Dugaan Korupsi Ratusan Miliar di Bengkalis Dilaporkan ke Kejagung
Ketua Umum Ormas PETIR Jackson (Kanan) menyerahkan laporan dugaan korupsi ADD dan DD Bengkalis ke Gedung Bundar Kantor Jampidsus Kejagung
ENAMPULUH.COM, PEKANBARU -- Kejaksaan Agung (Kejagung) pada Jaksa Muda Agung Pidana Khusus (Jampidsus) menerima laporan dugaan korupsi Alokasi Dana Desa (ADD) dan Dana Desa (DD) Tahun Anggaran 2017 di Kabupaten Bengkalis. Laporan itu diserahkan oleh Organisasi Kemasyarakatan (Ormas) Pemuda Tri Karya (PETIR), Kamis (23/6/2022) di Jakarta.
Dalam laporannya, mereka meminta Korps Adhyaksa untuk melakukan penyelidikan hingga penyidikan atas dugaan korupsi tersebut, yang dicurigai ada ratusan miliar yang disalahgunakan dan tidak dapat dipertanggungjawabkan.
"Benar, baru saja kita laporkan ke Gedung Bundar kantor Jaksa Agung Muda Pidana Khusus (Jampidsus) yang dipimpin oleh bapak DR Febrie Adriansyah SH MH," sebut Ketua Umum Ormas PETIR, Jackson saat dikonfirmasi melalui sambungan telepon.

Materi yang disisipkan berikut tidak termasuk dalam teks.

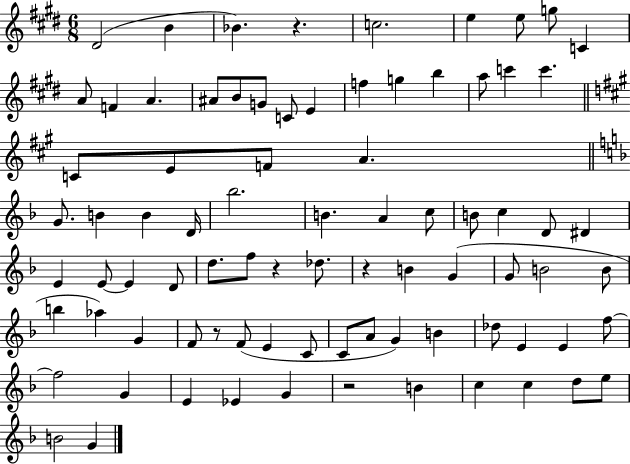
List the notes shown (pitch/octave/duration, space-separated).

D#4/h B4/q Bb4/q. R/q. C5/h. E5/q E5/e G5/e C4/q A4/e F4/q A4/q. A#4/e B4/e G4/e C4/e E4/q F5/q G5/q B5/q A5/e C6/q C6/q. C4/e E4/e F4/e A4/q. G4/e. B4/q B4/q D4/s Bb5/h. B4/q. A4/q C5/e B4/e C5/q D4/e D#4/q E4/q E4/e E4/q D4/e D5/e. F5/e R/q Db5/e. R/q B4/q G4/q G4/e B4/h B4/e B5/q Ab5/q G4/q F4/e R/e F4/e E4/q C4/e C4/e A4/e G4/q B4/q Db5/e E4/q E4/q F5/e F5/h G4/q E4/q Eb4/q G4/q R/h B4/q C5/q C5/q D5/e E5/e B4/h G4/q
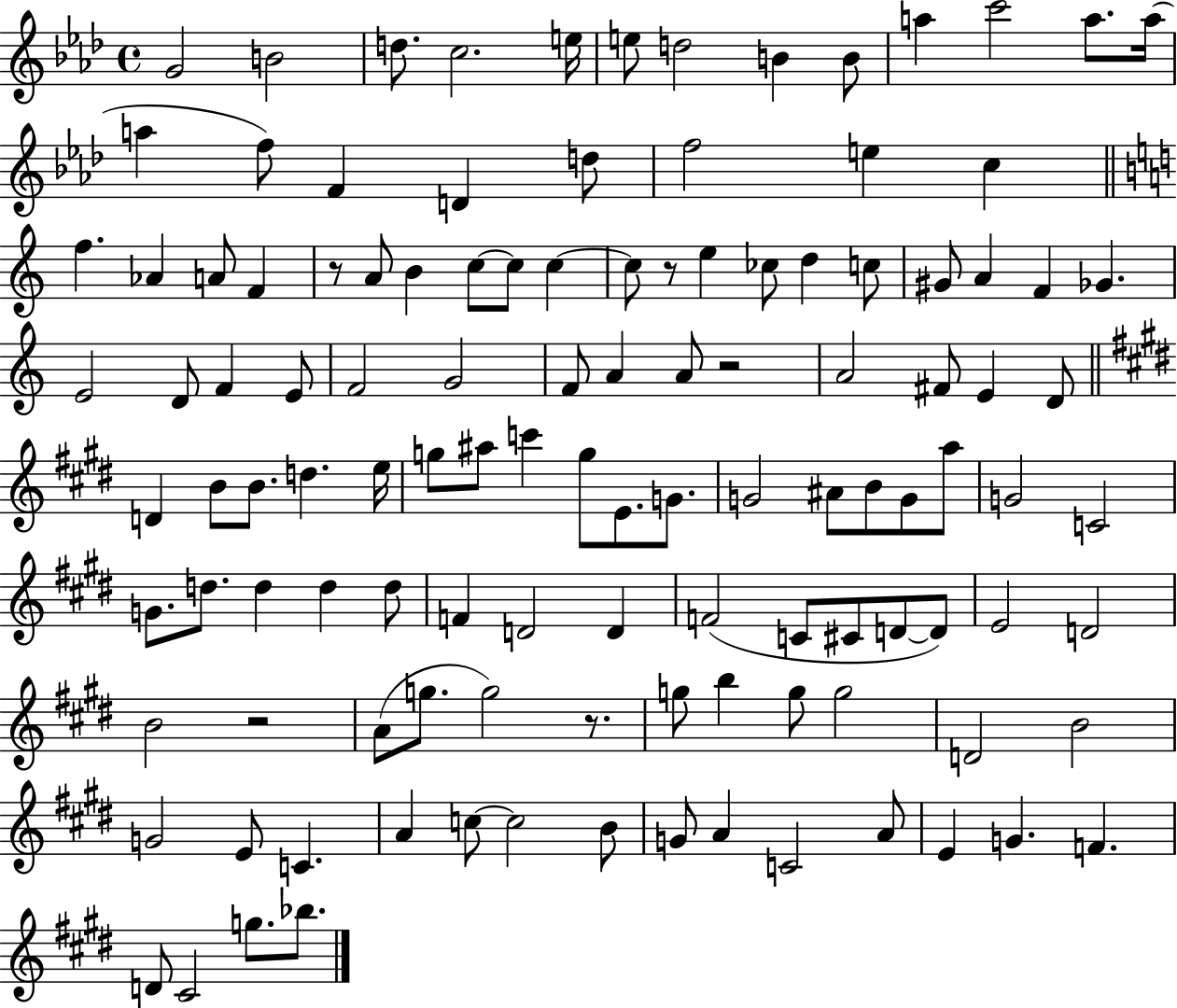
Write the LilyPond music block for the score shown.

{
  \clef treble
  \time 4/4
  \defaultTimeSignature
  \key aes \major
  g'2 b'2 | d''8. c''2. e''16 | e''8 d''2 b'4 b'8 | a''4 c'''2 a''8. a''16( | \break a''4 f''8) f'4 d'4 d''8 | f''2 e''4 c''4 | \bar "||" \break \key c \major f''4. aes'4 a'8 f'4 | r8 a'8 b'4 c''8~~ c''8 c''4~~ | c''8 r8 e''4 ces''8 d''4 c''8 | gis'8 a'4 f'4 ges'4. | \break e'2 d'8 f'4 e'8 | f'2 g'2 | f'8 a'4 a'8 r2 | a'2 fis'8 e'4 d'8 | \break \bar "||" \break \key e \major d'4 b'8 b'8. d''4. e''16 | g''8 ais''8 c'''4 g''8 e'8. g'8. | g'2 ais'8 b'8 g'8 a''8 | g'2 c'2 | \break g'8. d''8. d''4 d''4 d''8 | f'4 d'2 d'4 | f'2( c'8 cis'8 d'8~~ d'8) | e'2 d'2 | \break b'2 r2 | a'8( g''8. g''2) r8. | g''8 b''4 g''8 g''2 | d'2 b'2 | \break g'2 e'8 c'4. | a'4 c''8~~ c''2 b'8 | g'8 a'4 c'2 a'8 | e'4 g'4. f'4. | \break d'8 cis'2 g''8. bes''8. | \bar "|."
}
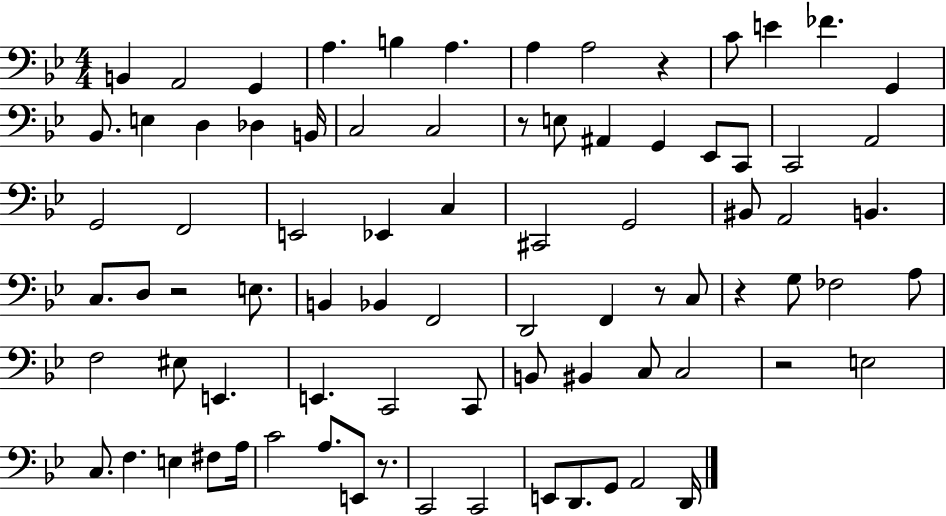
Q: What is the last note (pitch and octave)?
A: D2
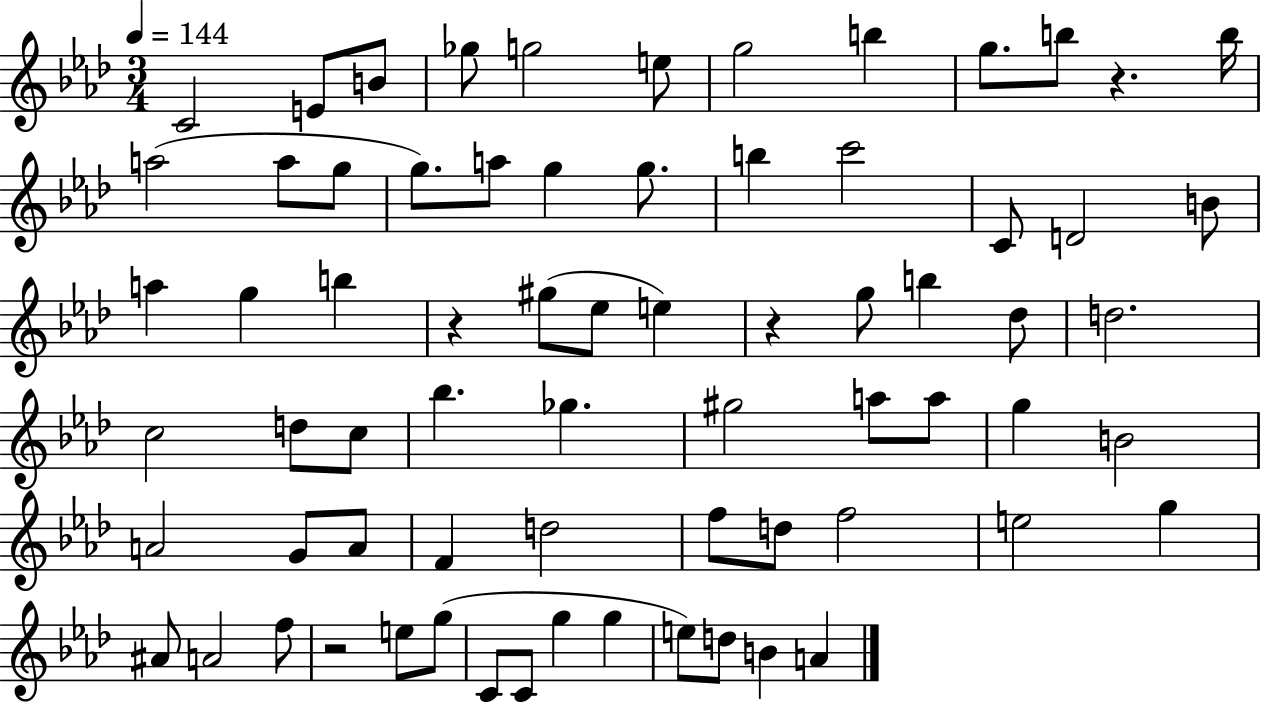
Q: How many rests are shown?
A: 4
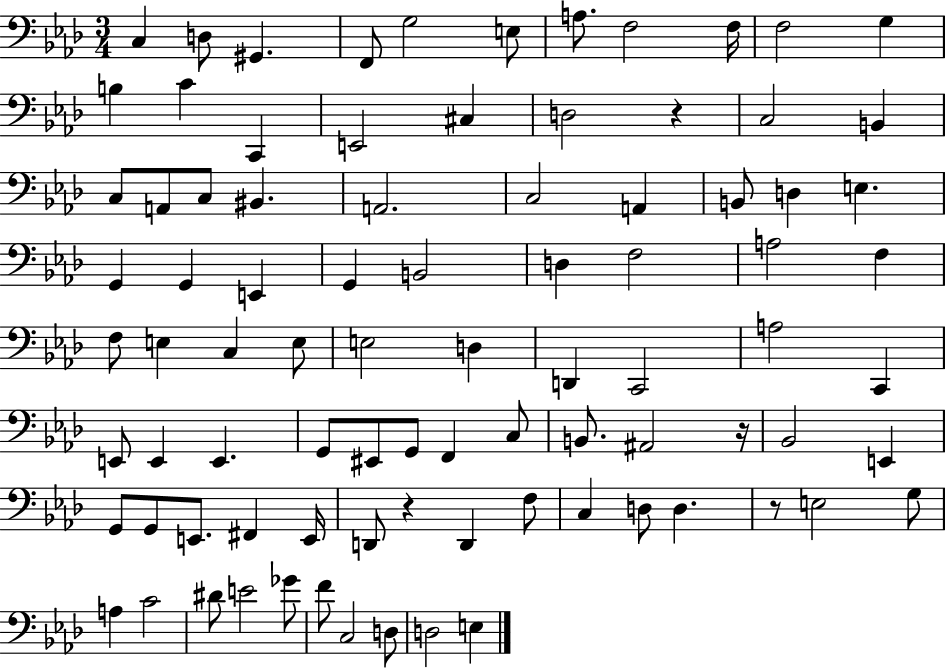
C3/q D3/e G#2/q. F2/e G3/h E3/e A3/e. F3/h F3/s F3/h G3/q B3/q C4/q C2/q E2/h C#3/q D3/h R/q C3/h B2/q C3/e A2/e C3/e BIS2/q. A2/h. C3/h A2/q B2/e D3/q E3/q. G2/q G2/q E2/q G2/q B2/h D3/q F3/h A3/h F3/q F3/e E3/q C3/q E3/e E3/h D3/q D2/q C2/h A3/h C2/q E2/e E2/q E2/q. G2/e EIS2/e G2/e F2/q C3/e B2/e. A#2/h R/s Bb2/h E2/q G2/e G2/e E2/e. F#2/q E2/s D2/e R/q D2/q F3/e C3/q D3/e D3/q. R/e E3/h G3/e A3/q C4/h D#4/e E4/h Gb4/e F4/e C3/h D3/e D3/h E3/q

Diterangkannya, laporan terkait dugaan penyalahgunaan ADD Tahun Anggaran 2017 itu, senilai Rp65.386.230.012 untuk tahap IV, dan penyaluran ADD dan DD yang tidak dapat dipertanggungjawabkan tahun 2017 senilai Rp94.175.650.874.
ADD itu bersumber dari Anggaran Pendapatan dan Belanja Daerah (APBD), yang diambil dari belanja Bantuan Keuangan (Bankeu) Dana Alokasi Pemerintah Pusat ditambah alokasi dari Dana Bagi Hasil (DBH). Sedangkan, DD bersumber dari Anggaran Pendapatan dan Belanja Negara (APBN) yang diperuntukkan bagi Desa.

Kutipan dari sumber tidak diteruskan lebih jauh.